Weland is leaning over a cone-shaped cage that’s supporting young tomato vines, just a few feet from D.C.’s Southeast Freeway.

“It’s my favorite smell, a tomato leaf,” he said, over the sound of cars whizzing by. “I remember my grandfather had [tomatoes] when I was a kid, and I always remember that fondly.”

Twelve years ago, Weland instituted a practice that chefs all over the city have since adopted. On the patio at Poste, just a block from the Gallery Place/Chinatown Metro station, Weland started a garden with a few pots and some raised beds. He’s credited as the first chef in D.C. to do so.

But when Weland left Poste in 2011 with plans to open his own restaurant, he left behind the space he needed to grow tomatoes for his famed tomato salads — and the basil to top it.

Like most restaurants and businesses in the Capitol Hill neighborhood, Garrison, which Weland opened last summer, is in a rowhouse-type building. There’s no room on either side for a garden; a sushi restaurant occupies the second floor and roof.

So Weland did the next best thing: He put his name on a waiting list for a local community garden, just a few blocks from the restaurant. When a spot opened up this spring, Weland got to work planting.

With the sound of mufflers, horns and sirens in such proximity (“It doesn’t get any more urban than this,” Weland said), the location may not seem ideal for gardeners seeking serenity. But to Weland, any garden is better than no garden.

“Even though we’re next to a highway, it’s still got a lot of life,” he said. “Next to being in the restaurant on a day-to-day basis, this is my favorite place to be. I love it out here.”

This summer, Weland is devoting most of the space in his modest plot to heirloom tomatoes — he’s planted 18 different varieties. Basil, sweet onion and sugar snap peas occupy the remaining square footage.

To bulk up the restaurant’s produce selection, Weland partnered with Mike Protas of One Acre Farm, and he is even supplementing with a few ingredients from his home garden.

“There’s nothing like that flavor; I was taught that a very long time ago. There’s nothing like picking something and then serving it to a guest. To me, it’s night and day,” he said.

And while homegrown ingredients augment the flavors on Weland’s vegetable-heavy menu, he says having a restaurant garden is about so much more than the food harvested: It’s education.

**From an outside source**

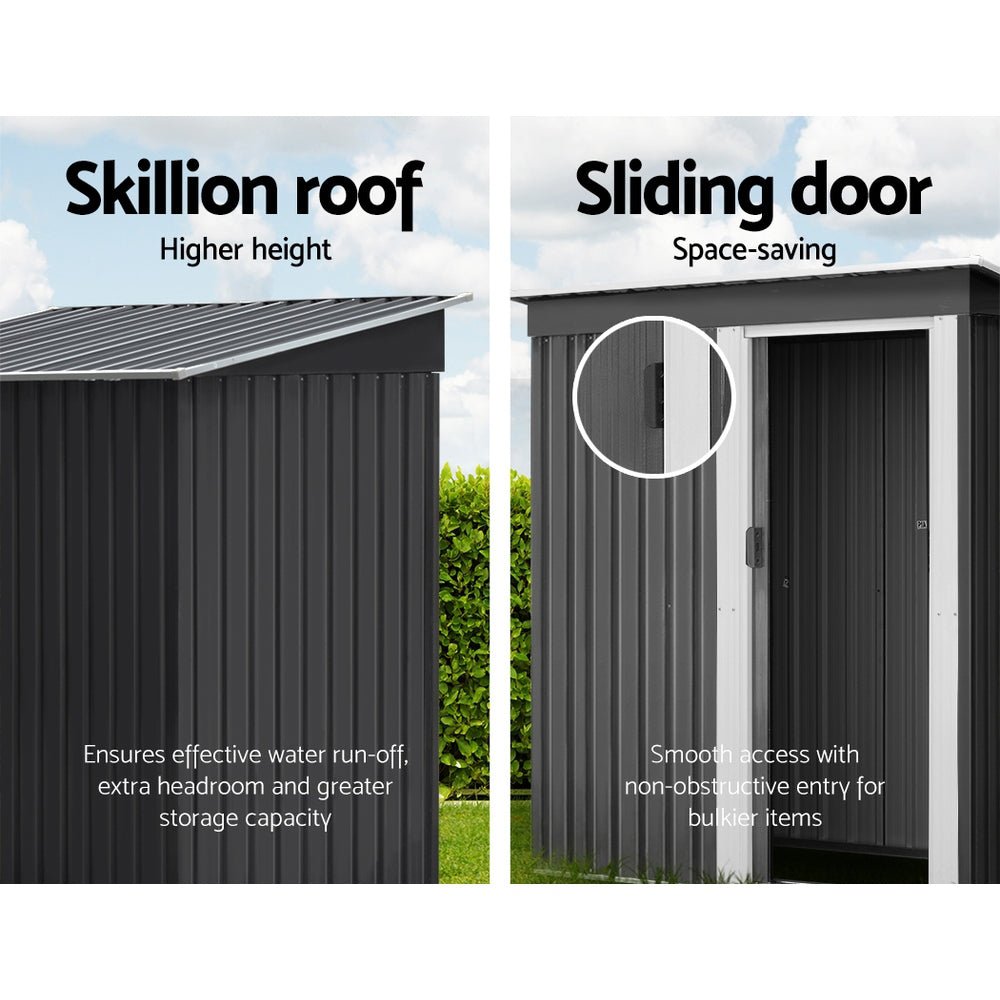 Small Garden Shed | Outdoor Storage Shed | Sliding Door | 1.62mx0.86m | Giantz | Grey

“I can’t think of a stronger connection than to have the cooks or the externs from culinary school go outside and pick the fruit or the herb that they’re going to be using,” he said.

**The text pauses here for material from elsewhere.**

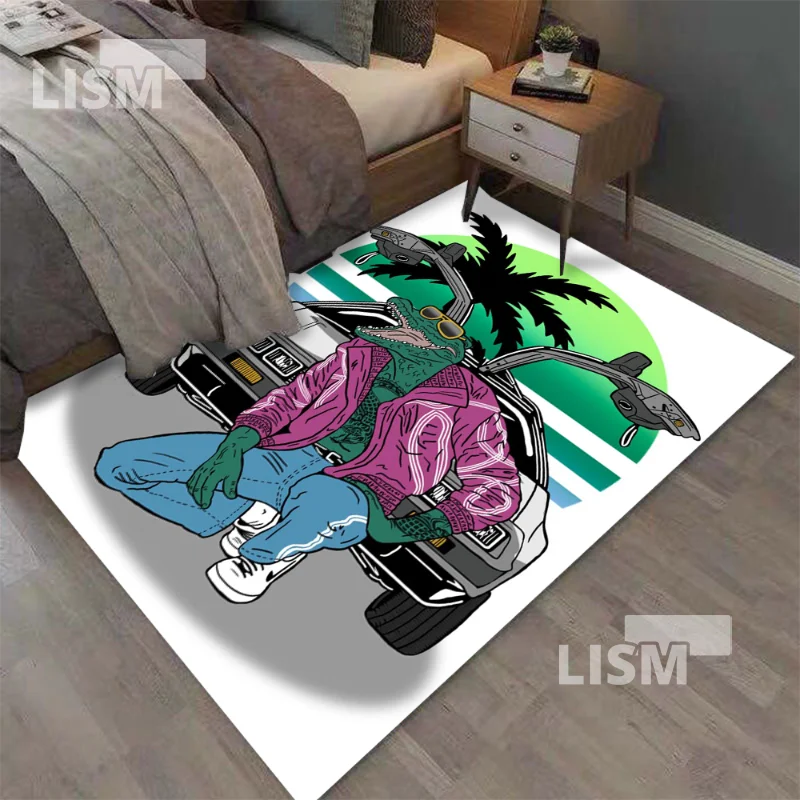 

Retro Animal Anime Rugs for Home Living Room Bedroom Large Carpet Sofa Floor Non-slip Flannel Mat Home Aesthetic Decoration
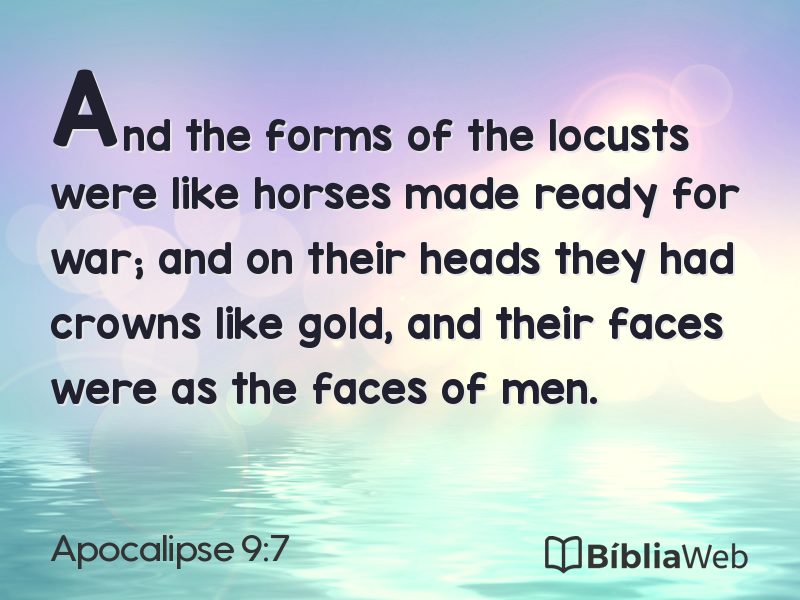 Apocalipse 9:7 em imagem para compartilhar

“I think the important lesson to teach young cooks is something that’s just picked and used right away is a totally different flavor profile — it’s much more aromatic and it certainly lasts a lot longer. It’s just a beautiful thing. And it’s healthier.”

Space requirements aside, there are other challenges when it comes to maintaining a restaurant garden. The biggest one is time — especially for chefs, who work long and brutal hours.

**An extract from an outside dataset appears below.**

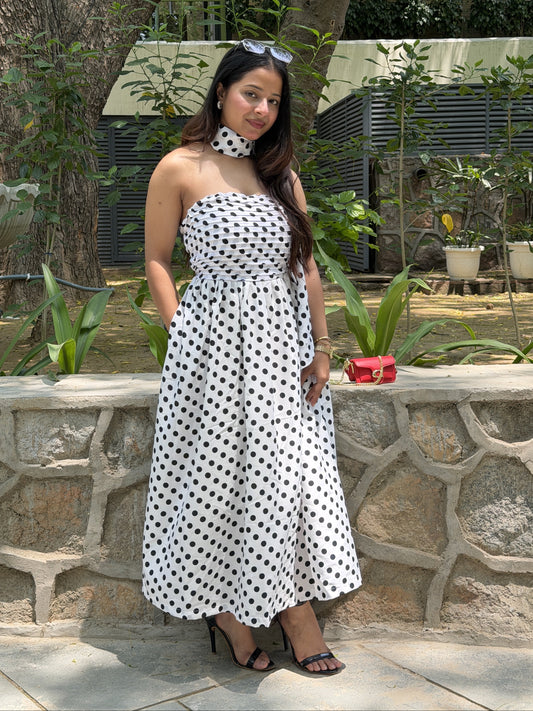 White Black Diva Polka Dots Dress with Scarf Scoopstyle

“It needs attention: You have to weed it, you have to water it, you have to give it love,” Weland said. “People tend to forget about it once it’s planted. It’s not a once-a-week thing.”

Weland may have pioneered restaurant gardens in the city, but he is no longer alone in the movement. He says these days most chefs look to incorporate gardened ingredients on their menus on some level — “whether it’s rooftops on hotels or utilizing any square footage that has [sun] exposure.”

Chef John Mooney of Bidwell farms for his restaurant on the rooftop at Union Market. Restaurant Eve’s chef, Cathal Armstrong, makes use of a private lot next to his Alexandria eatery.

At Garrison, Weland’s focus is on the next generation.

“If I inspire a couple of cooks, a couple of externs, that’s all I’m looking to do,” he said.